Investors dumped stocks, commodities and the euro on Thursday as investors began to lose hope that European leaders would produce a grand plan to solve the European debt crisis.
Trouble started when the European Central Bank squelched optimism for aggressive action to fight the region's debt crisis, and markets were knocked back further when Germany rejected proposals that would bolster the strength of a bailout fund late in the day.
Thursday's developments deflated some hopes that policymakers will be able to agree on a credible plan at an EU summit getting underway that will reassure investors and stop the euro zone's debt problem from deepening.
"The whole thing is just a mess. I have been hopeful something will get done, but it's hard to hold on to those hopes given their track record," said Thomas Roth, executive director in U.S. government bond trading at Mitsubishi UFJ Securities USA in New York.
ECB President Mario Draghi poured cold water on market expectations the bank could step up bond purchases, a measure that has been seen as key to stabilizing rising borrowing costs of highly indebted members of the euro zone.
In an ominous sign heading into a key EU summit, Germany rejected draft proposals that would increase the euro zone's firepower in dealing with the credit crisis, triggering a steep sell-off in U.S. stocks and the euro late in the day.
"Once the Germany comment on rejecting the draft came out, that is when the euro and the Dow both reversed from their afternoon highs," said Joe DeGeronimo, chief dealer at SMBC.
"The stock market falling late in the day means the euro is likely going to trade heavy into the Sydney and Asian session overnight."
In a draft obtained by Reuters, EU leaders plan to move up the introduction of a permanent bailout fund to July 2012 and give the facility a banking license.
Such a move would bolster the strength of the rescue fund, but a senior German source said Germany rejected the measures.

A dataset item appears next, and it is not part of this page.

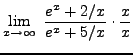 $ \displaystyle{ \lim_{x \to \infty} \ { { e^x + {2/x} \over e^x + {5/x } } \cdot { x \over x } } } $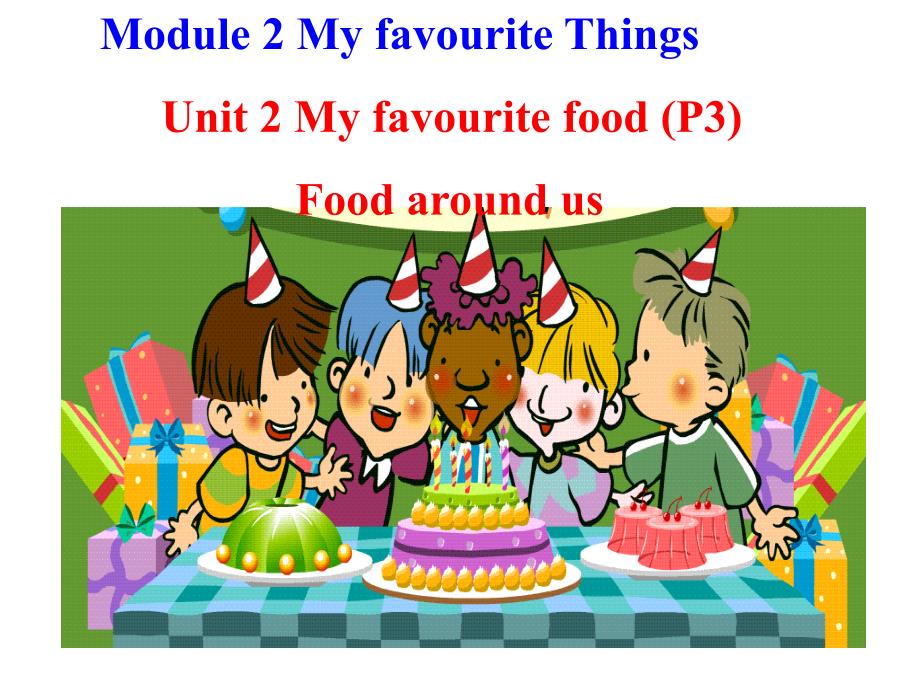 Unit2Myfavouritefood_第1页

"That just spells more trouble ahead in the days to come," Peter Cardillo, chief market economist at Rockwell Global Capital in New York, said of Germany's rejection.
The Dow Jones industrial average ended down 198.67 points, or 1.63 percent, at 11,997.70. The Standard & Poor's 500 Index tumbled 26.66 points, or 2.11 percent, to 1,234.35. The Nasdaq Composite Index gave up 52.83 points, or 1.99 percent, at 2,596.38.
The MSCI All-Country World Index was down 1.8 percent, while the FTSEurofirst 300 slumped to a one-week closing low, down 1.5 percent.
The euro fell to a session low of $1.3288 on Reuters data, its lowest since Nov. 30. It was last at $1.3343, down 0.5 percent.
"TWO STEPS BACK"
Draghi also announced unprecedented action to support Europe's banks, saying the ECB will start offering banks funding for 3 years, as well as easier collateral rules. The ECB also cut interest rates 25 basis points to 1 percent.But markets appeared less concerned with the possibility of a liquidity crunch than they are with the high cost of debt for troubled countries, and yields on Italian and Spanish bonds jumped.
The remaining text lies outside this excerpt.